= Provided data =
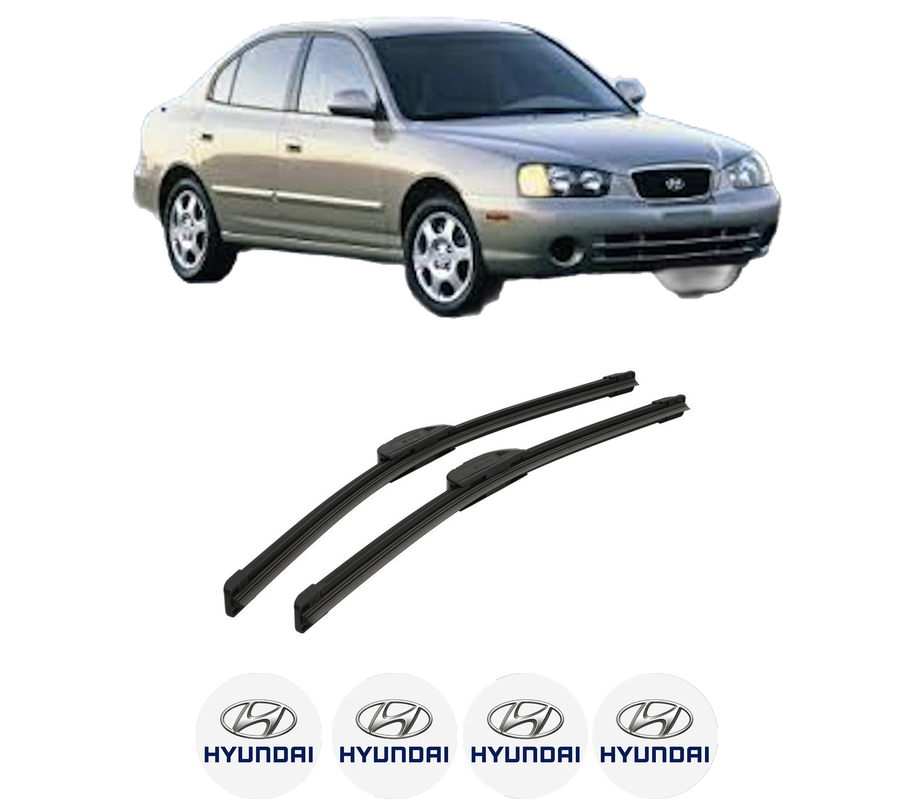 Set stergatoare auto HYUNDAI ELANTRA III Saloon (XD) din 2000-2006, pentru parbriz auto, 2 bucati, Bosch Aerotwin Retrofit, din cauciuc siliconat rezistent, 4 Stickere Auto HYUNDAI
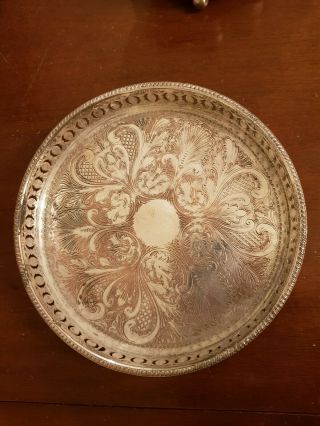 Upcycle Re - Purpose - Vintage Silver Plated On Copper Small Galleried Salver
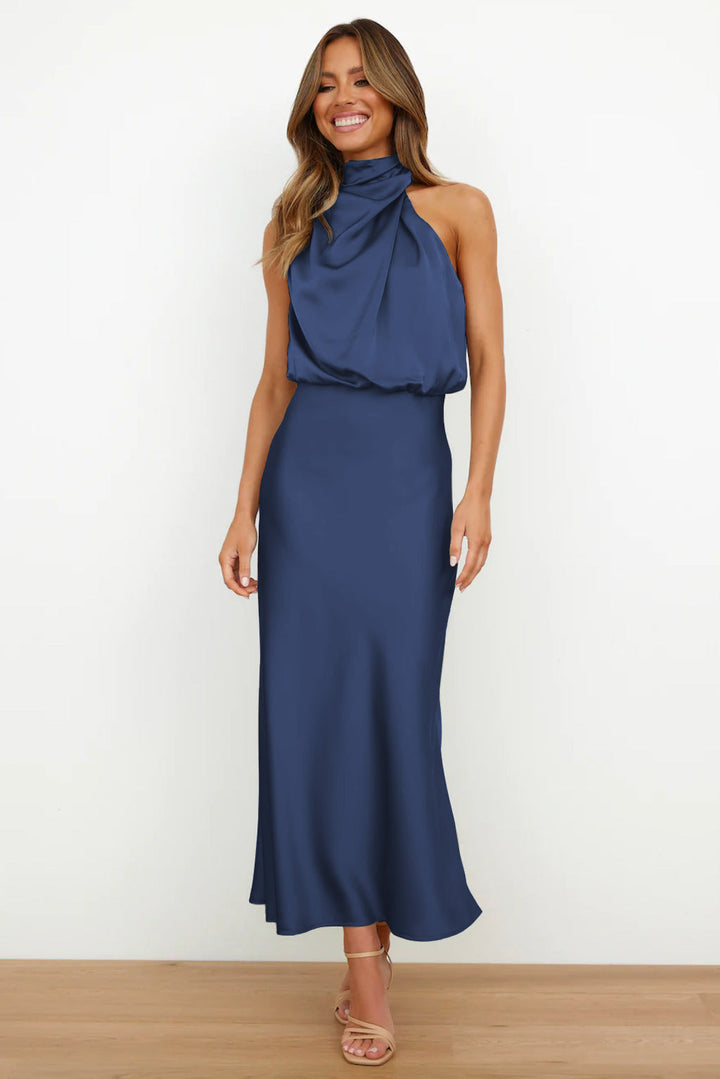 Isla Crompton | Satin Halter Midi Dress For Women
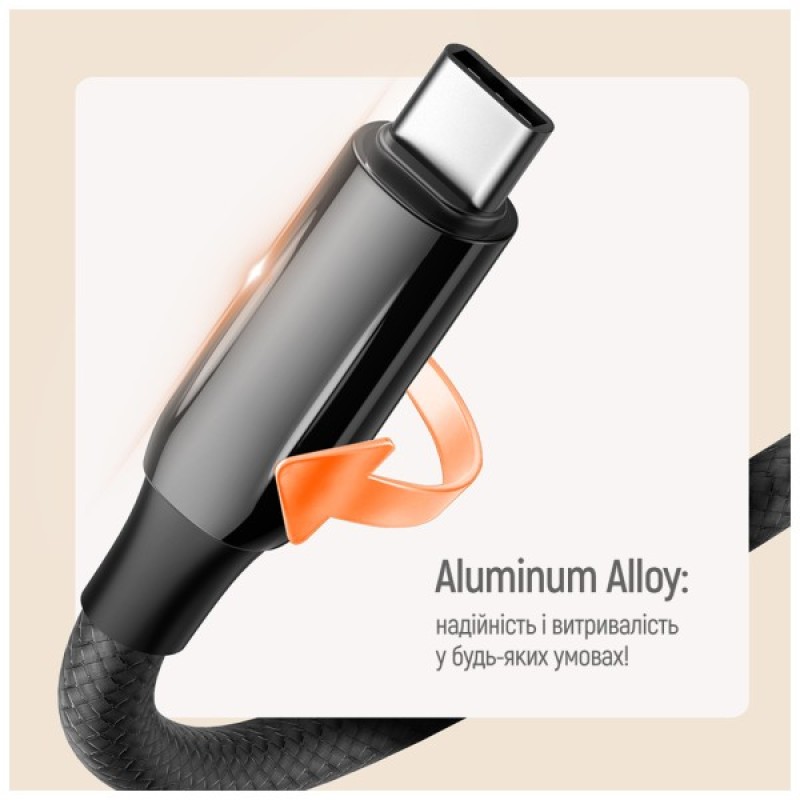 Дата кабель USB-C to USB-C 1.0m (PVC+Aluminum Alloy) (PD Fast Charging 240W) 5А black ColorWay (CW-CBPDCC069-BK)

= What the task requires =
Beginning with the line containing "Isla Crompton |" and ending with the last line of the data, output those lines exactly and nothing more. Omit every picture.

= Exercise solution =
 Isla Crompton | Satin Halter Midi Dress For Women
 Дата кабель USB-C to USB-C 1.0m (PVC+Aluminum Alloy) (PD Fast Charging 240W) 5А black ColorWay (CW-CBPDCC069-BK)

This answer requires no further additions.